■ ASSIGNED TASK ■
The range runs from the line containing "Zen DOJO Steel" to the last line of the entries. Copy that range exactly, omitting pictures.

■ Stored records ■
....................
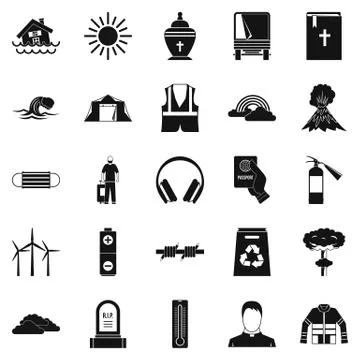 Misfortune icons set, simple style Stock Illustration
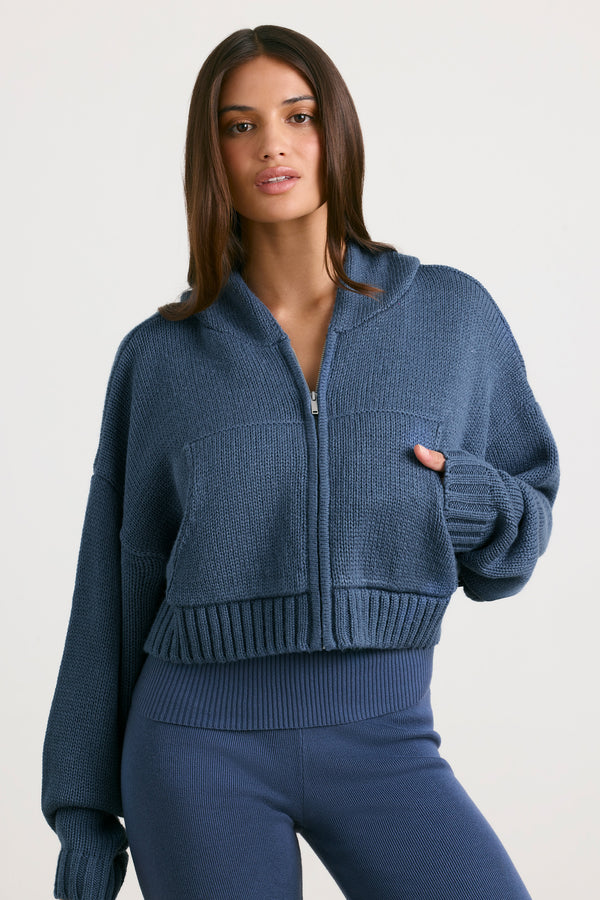 True - Cropped Zip Up Chunky Knit Hoodie in Washed Navy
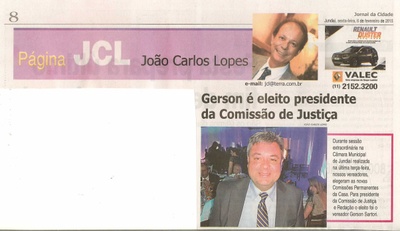 JC - 06/02/15 - pg 8 - JCL - Gerson é eleito presidente da Comissão de Justiça -
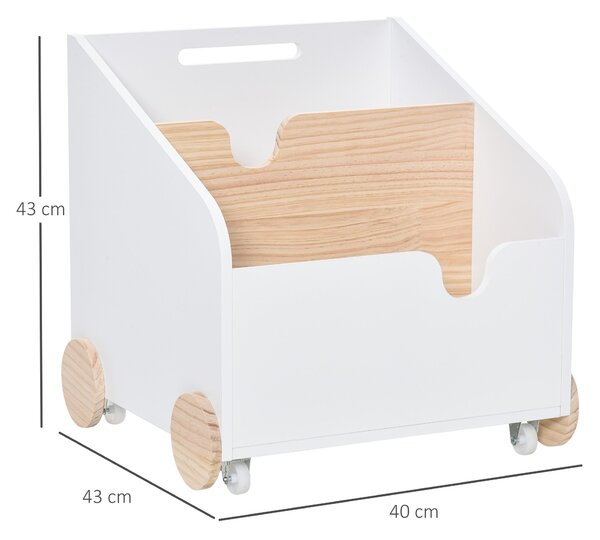 HOMCOM Dřevěný Úložný Box na Hračky se 2 Oddíly, S Kolíčky, Dětská Knihovna s Kolíčky pro Dětský Pokoj 40x43x43 cm Bílá a Přírodní | Aosom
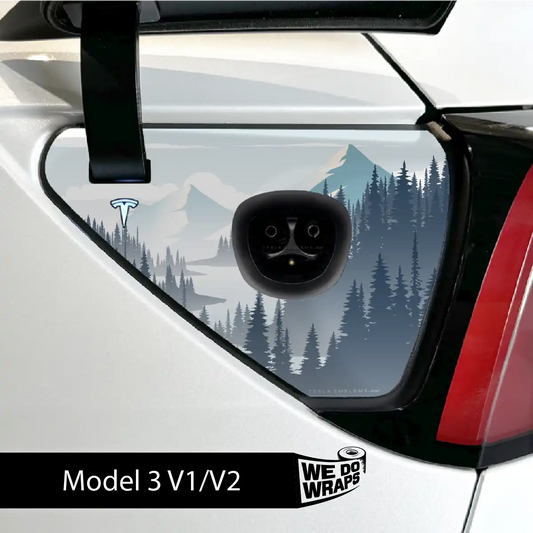 Alpine Retreat Tesla Charge Port Wrap | Model 3 - Tesla Emblems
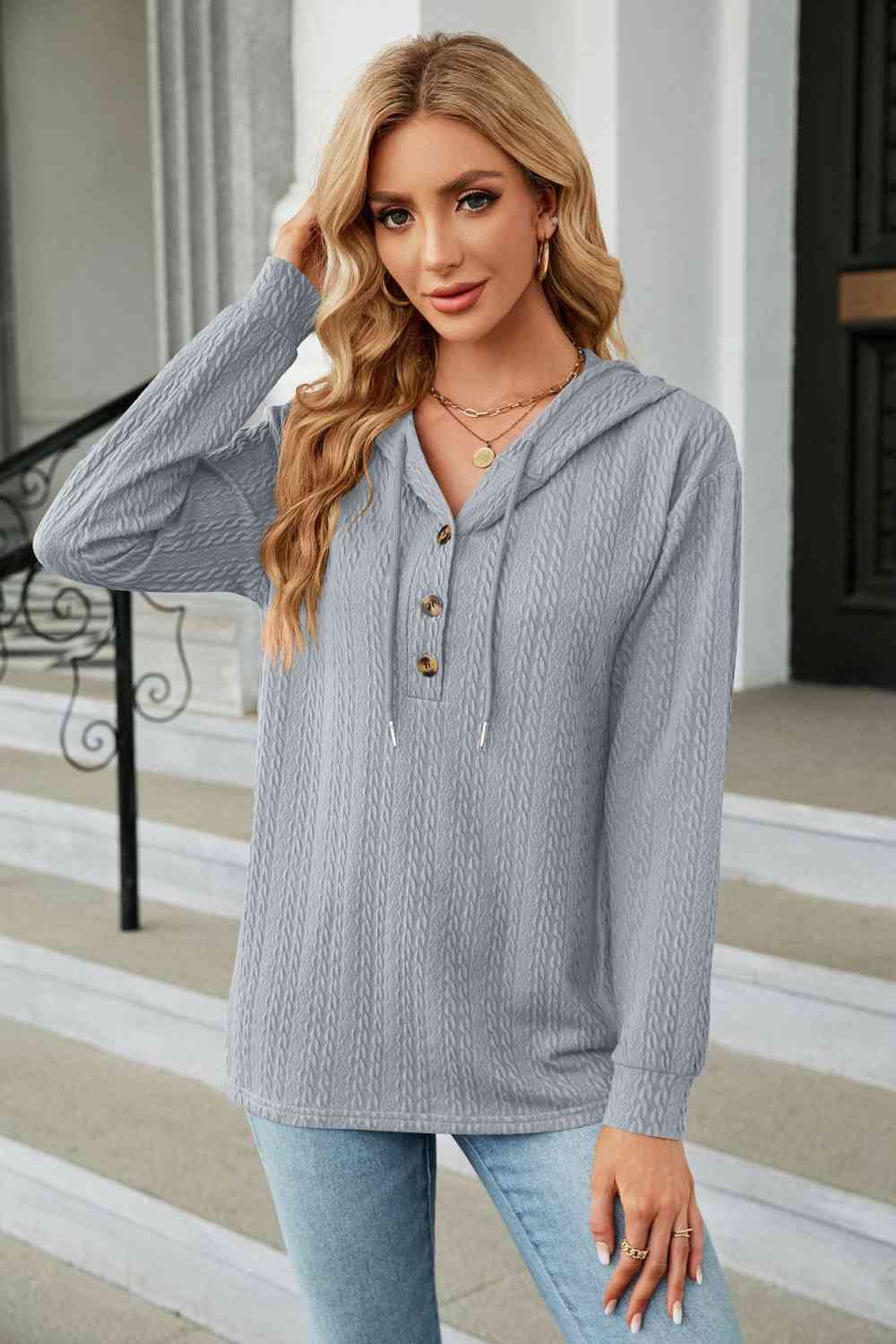 Damen Kapuzenpullover aus Kabelstrick mit langen Ärmeln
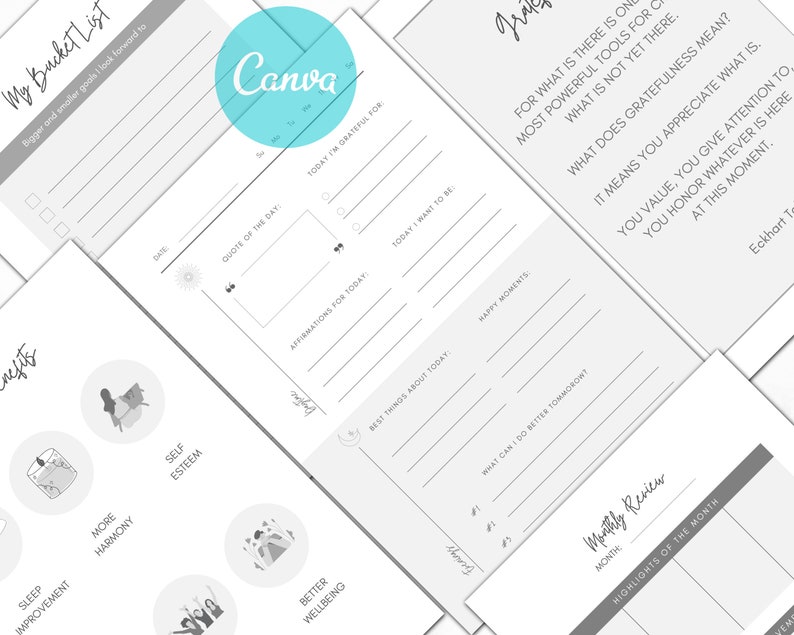May include: A printable planner page with a gray background and black text. The page includes sections for daily affirmations, best things about today, happy moments, and what can I do better tomorrow. The page also includes a quote of the day section and a section for gratitude.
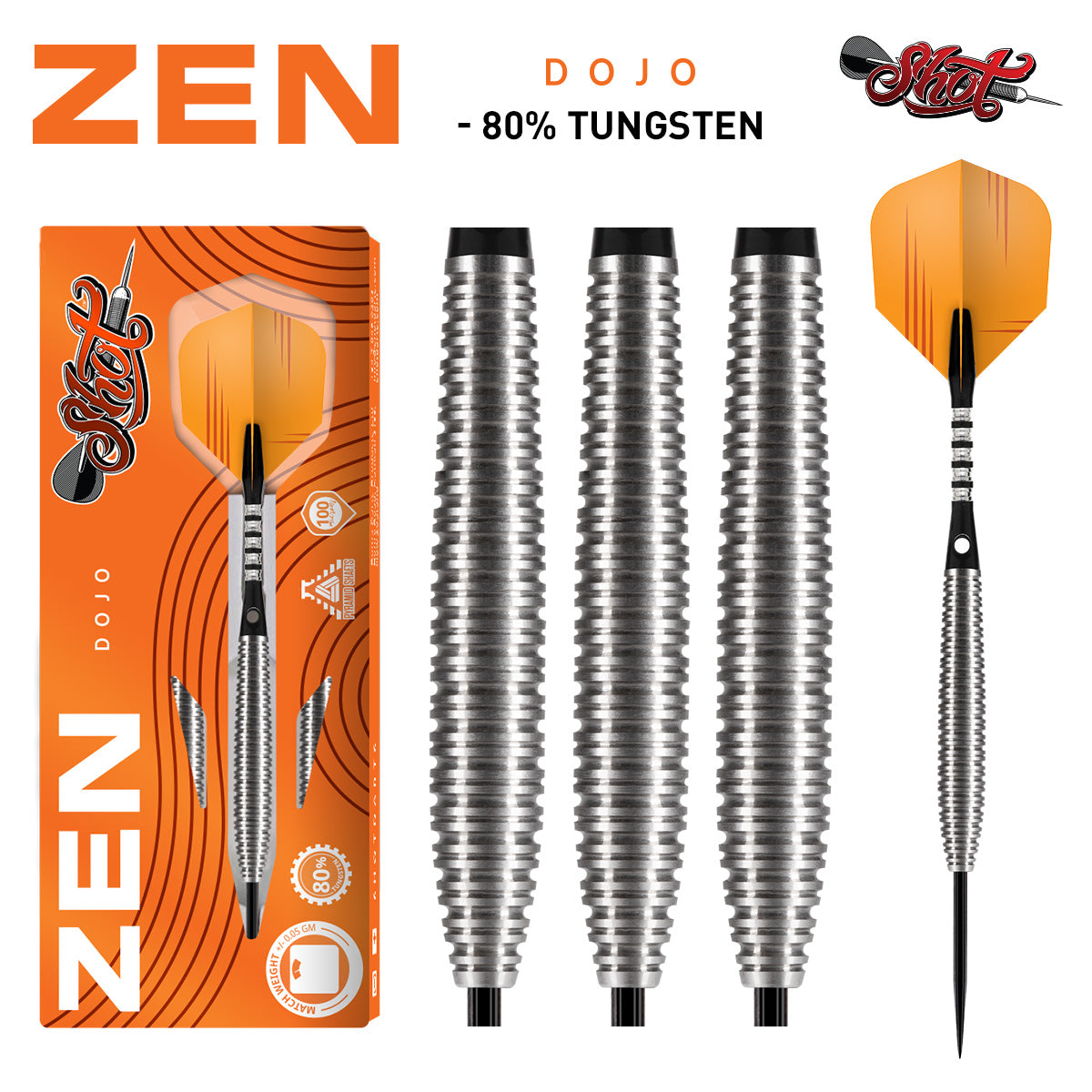 Zen DOJO Steel Tip Dart Set-80% Tungsten Barrels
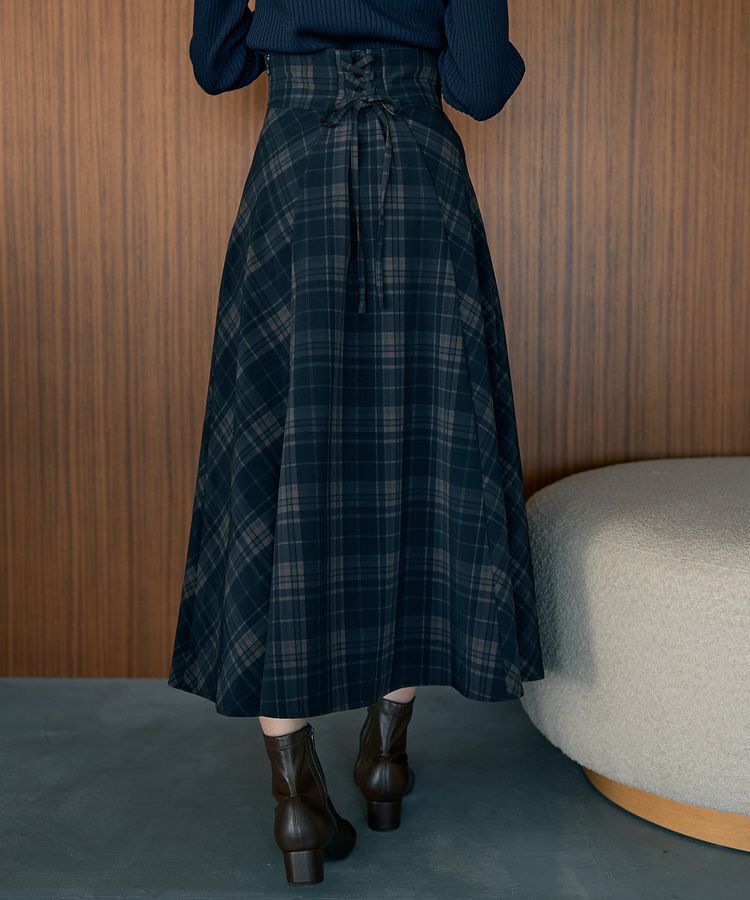 earth music&ecology「バックレースアップチェックスカート」|フレア|Navy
....................
■ EXPECTED ANSWER ■
 Zen DOJO Steel Tip Dart Set-80% Tungsten Barrels
 earth music&ecology「バックレースアップチェックスカート」|フレア|Navy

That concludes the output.